Face à ces propos, le gouvernement panaméen a annoncé mardi un « audit exhaustif » de Panama Ports Company, filiale de Hutchinson Ports, afin de « déterminer si les accords de concession conclus (…) sont respectés, en vérifiant que l’entreprise déclare correctement ses revenus, paiements et contributions à l’État ». Dans un communiqué, la société a indiqué « coopérer pleinement » avec cette procédure, assurant que les précédents contrôles avaient démontré le respect de ses « obligations contractuelles ».

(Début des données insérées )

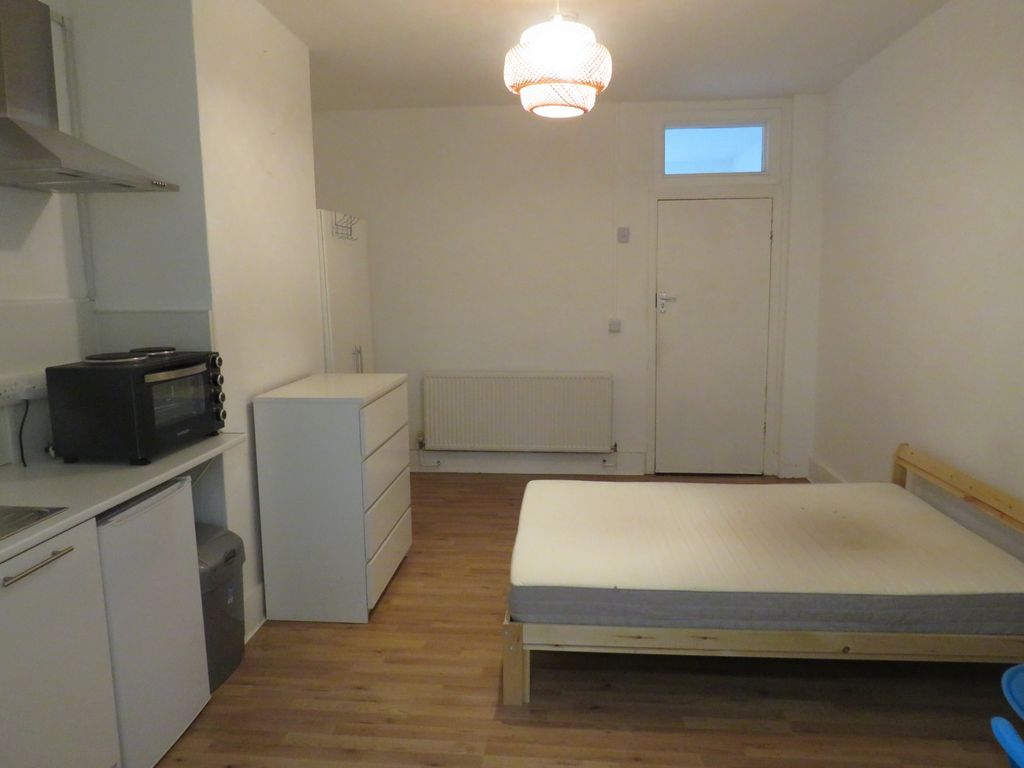 Property photo 3 of 7 Photo 5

Interférer dans les relations sino-panaméennes
Pour Benjamin Gedan, directeur du programme pour l’Amérique latine du think tank Wilson Center, « il y a des préoccupations raisonnables liées à la présence d’une entreprise chinoise ». « Le canal a une valeur énorme pour les États-Unis, tant commerciale que stratégique, et il ne serait pas difficile pour Pékin d’interrompre ses opérations », considère-t-il. Pour autant, selon Rebecca Bill Chavez, présidente du think tank Interamerican Dialogue, le Panama a « respecté » la neutralité du canal en maintenant « l’efficacité des opérations ».
De son côté, Euclides Tapia, professeur panaméen en relations internationales, voit dans l’ambition de Donald Trump un « argument fallacieux qui cache la volonté que le Panama réduise à sa plus simple expression ses relations avec la Chine », a-t-il indiqué à l’AFP. Depuis que le Panama a rétabli des relations diplomatiques avec Pékin en 2017, les échanges commerciaux avec la Chine ont considérablement augmenté.

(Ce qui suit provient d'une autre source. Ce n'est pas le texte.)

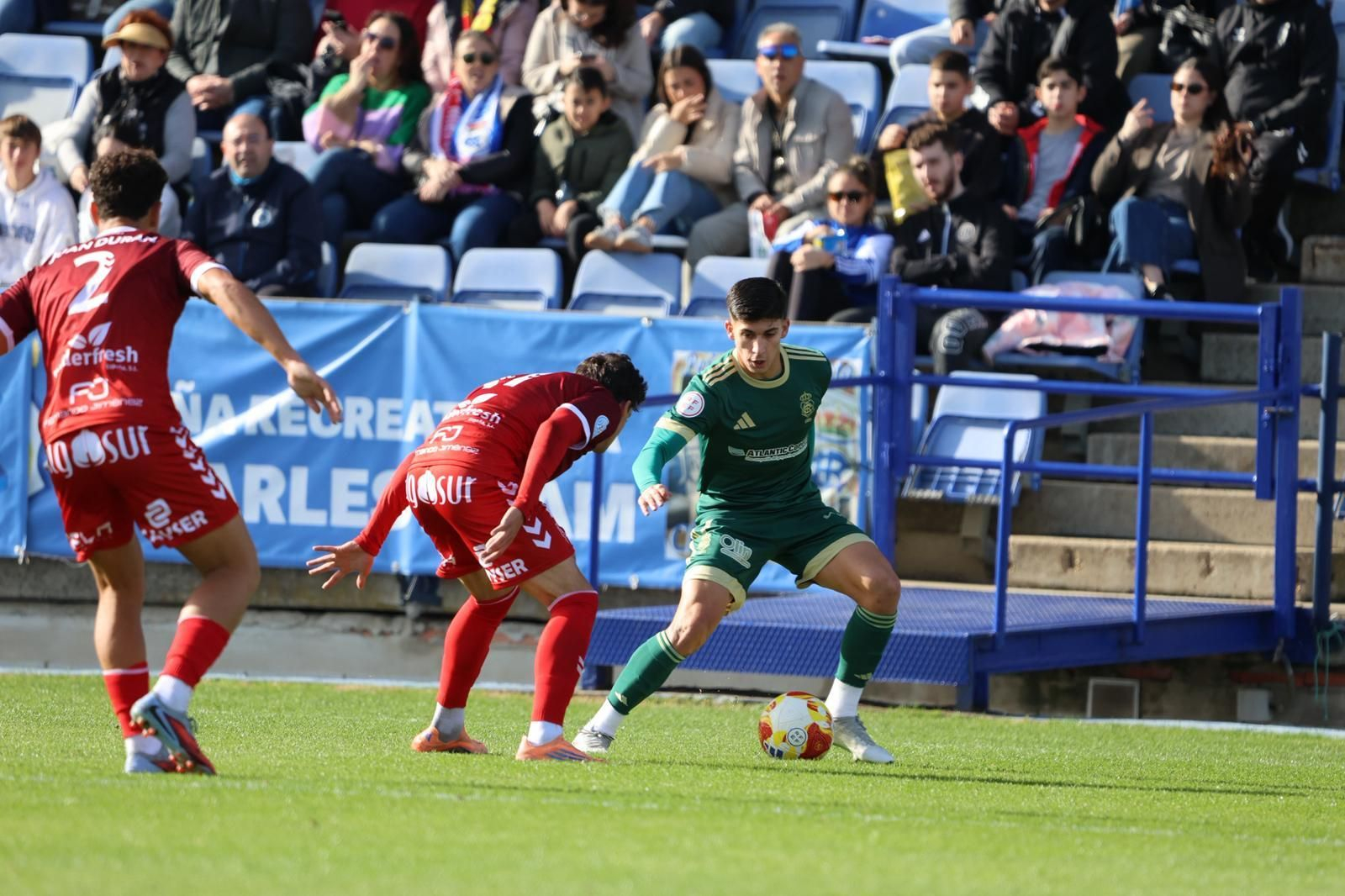 Paolo encara a un jugador del Antoniano.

En parallèle, des entreprises chinoises ont participé à la construction d’un port pour bateaux de croisières à l’entrée du canal côté Pacifique et sont impliquées dans un projet de pont enjambant la voie maritime d’un montant de 1,4 milliard de dollars. Lors d’une visite du président Xi Jinping en 2018, Pékin a proposé d’autres projets représentant plusieurs centaines de millions de dollars. Il avait même proposé d’installer une ambassade à l’entrée du canal, projet qui ne s’est pas concrétisé en raison de présumées pressions américaines.

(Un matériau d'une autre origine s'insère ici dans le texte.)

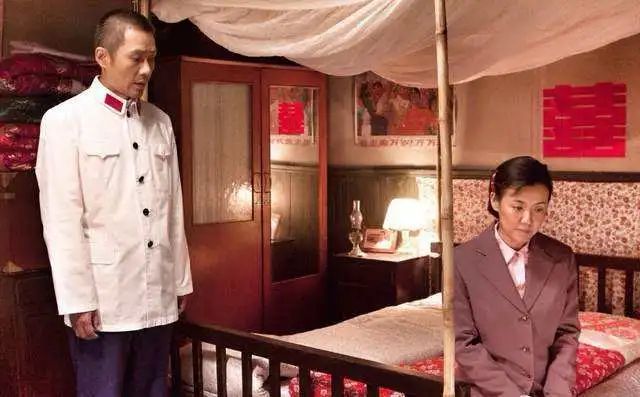 父母爱情|再看《父母爱情》，终于明白老丁为啥娶了江德华？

Les États-Unis peuvent utiliser la force, sous condition
Le transfert du canal au Panama a été régi par des traités établis en 1977. « Aucun de leurs principes ne mentionne, et encore moins n’autorise, les États-Unis à récupérer ou à réclamer le canal de Panama », a rappelé à l’AFP Julio Yao, qui faisait partie de l’équipe panaméenne qui les a négociés.
Mais des amendements introduits par les États-Unis donnent la possibilité à Washington d’utiliser la force armée de manière unilatérale « pour défendre le canal contre toute menace » de fermeture. Seul ce motif « pourrait justifier l’usage de la force militaire au Panama, et uniquement pour maintenir le canal ouvert, pas pour s’en emparer et l’exploiter économiquement », a indiqué Euclides Tapia.
Que Donald Trump ait répété ses menaces lundi « rend plus probable qu’il s’agisse d’une déclaration sérieuse », relève en tout cas Benjamin Gedan. L’expert juge « une intervention militaire peu probable », mais souligne que le gouvernement américain pourrait user des taxes douanières pour faire pression sur le Panama. Sachant que les États-Unis sont le principal partenaire politique et commercial du pays d’Amérique centrale, cela pourrait peser lourd dans la balance.